Run this verification script after setup to confirm everything works:

"""verify_setup.py — Run this to confirm your environment is ready."""

import sys

def check(name, test_fn):
    try:
        result = test_fn()
        print(f"  [PASS] {name}: {result}")
        return True
    except Exception as e:
        print(f"  [FAIL] {name}: {e}")
        return False

print(f"Python {sys.version}\n")
print("Core libraries:")
results = []

results.append(check("NumPy", lambda: __import__("numpy").__version__))
results.append(check("pandas", lambda: __import__("pandas").__version__))
results.append(check("scikit-learn", lambda: __import__("sklearn").__version__))
results.append(check("PyTorch", lambda: __import__("torch").__version__))
results.append(check("CUDA available", lambda: __import__("torch").cuda.is_available()))

print("\nML ecosystem:")
results.append(check("DoWhy", lambda: __import__("dowhy").__version__))
results.append(check("EconML", lambda: __import__("econml").__version__))
results.append(check("PyMC", lambda: __import__("pymc").__version__))
results.append(check("ArviZ", lambda: __import__("arviz").__version__))
results.append(check("Transformers", lambda: __import__("transformers").__version__))
results.append(check("Ray", lambda: __import__("ray").__version__))
results.append(check("Optuna", lambda: __import__("optuna").__version__))
results.append(check("MLflow", lambda: __import__("mlflow").__version__))
results.append(check("Great Expectations", lambda: __import__("great_expectations").__version__))
results.append(check("Fairlearn", lambda: __import__("fairlearn").__version__))
results.append(check("Opacus", lambda: __import__("opacus").__version__))
results.append(check("Captum", lambda: __import__("captum").__version__))
results.append(check("FastAPI", lambda: __import__("fastapi").__version__))
results.append(check("SHAP", lambda: __import__("shap").__version__))

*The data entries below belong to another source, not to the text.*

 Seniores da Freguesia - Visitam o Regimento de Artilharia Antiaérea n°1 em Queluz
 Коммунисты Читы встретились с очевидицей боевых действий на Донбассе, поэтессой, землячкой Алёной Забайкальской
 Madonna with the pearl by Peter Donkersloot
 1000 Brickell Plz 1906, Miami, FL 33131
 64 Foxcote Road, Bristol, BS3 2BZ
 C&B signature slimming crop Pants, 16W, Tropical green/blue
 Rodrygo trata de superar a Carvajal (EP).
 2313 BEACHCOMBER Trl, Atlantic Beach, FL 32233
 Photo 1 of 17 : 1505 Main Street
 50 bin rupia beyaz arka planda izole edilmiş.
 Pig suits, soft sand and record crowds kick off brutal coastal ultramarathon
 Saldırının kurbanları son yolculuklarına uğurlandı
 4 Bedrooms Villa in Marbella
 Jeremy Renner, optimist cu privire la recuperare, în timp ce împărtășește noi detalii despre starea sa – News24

print("\nOrchestration and infrastructure:")
results.append(check("PySpark", lambda: __import__("pyspark").__version__))
results.append(check("Dagster", lambda: __import__("dagster").__version__))
results.append(check("Prefect", lambda: __import__("prefect").__version__))

passed = sum(results)
total = len(results)
print(f"\n{'='*50}")
print(f"Results: {passed}/{total} checks passed")
if passed == total:
    print("Your environment is ready.")
else:
    print("Some checks failed. Review the errors above.")

Run it:

conda activate ads
python verify_setup.py

CUDA availability returning False is acceptable if you are on macOS (use MPS instead) or do not have an NVIDIA GPU. All other checks should pass.


Cross-references: Appendix C covers the API patterns for each library installed here. Appendix E lists the datasets you will download into this environment.